Seventy percent of registered investment advisors who have gone independent in the last seven years say their revenue has increased since making the transition, according to a recent survey of 67 RIAs by Schwab Advisor Services. During a panel session discussing the survey results on Tuesday, Shirl Penney, president and CEO of Dynasty Financial Partners, argued that the economics of going independent—in terms of both cash flow and enterprise value of the business—are better than what an advisor would get at a wirehouse.
“Advisors are getting educated on that reality, and we’re seeing more and more teams coming to us and saying, ‘I want to retire in five, six, seven years. I’m going to transition, build my business out, and then ultimately monetize it in a much more tax efficient and profitable way on the independent side.’”
The average advisor on the Dynasty platform has gross income of 65 percent. Fixed costs, including staff and real estate, are typically 15 percent, while variable costs are typically about 20 percent. Assuming the average advisor pays himself 35 to 40 percent of compensation, that leaves 25 to 30 percent in net income. Wirehouse advisors might have gross income in the low 40 percent range.
The enterprise value is also higher, Penney says.
“The market right now is red hot in terms of the valuation for these RIAs,” he says. “You’re looking at seven to eight times EBIT.”
Take, for example, a $5 million producer. At a wirehouse, he will get 150 percent in earn-out at retirement, or $7.5 million, all W-2 taxed.

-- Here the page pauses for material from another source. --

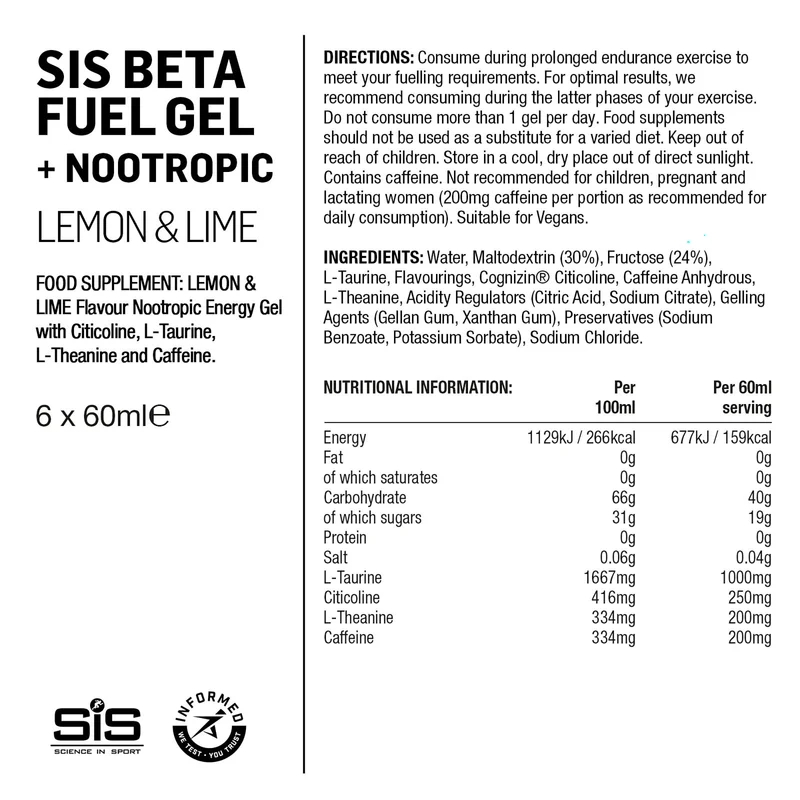 SIS BETA Fuel Energiegel/Nootropika 6x60ml Zitrone/Limette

So if you’re in the 50 percent tax bracket, you’re getting $3.75 million.
But if that same advisor goes independent and making 30 percent in net income, that’s $1.5 million of net income per year. If you put a conservative multiple of seven on that practice, they could sell for $10.5 million, taxed at long-term capital gains, or 30 percent. “You’re walking out with $7.5 million,” two times more than at a wirehouse.
Tim Oden, senior managing director, business development, Schwab Advisor Services, said advisors want to fund their standard of living, so many are trying to figure out what they can do to manipulate that multiple positively.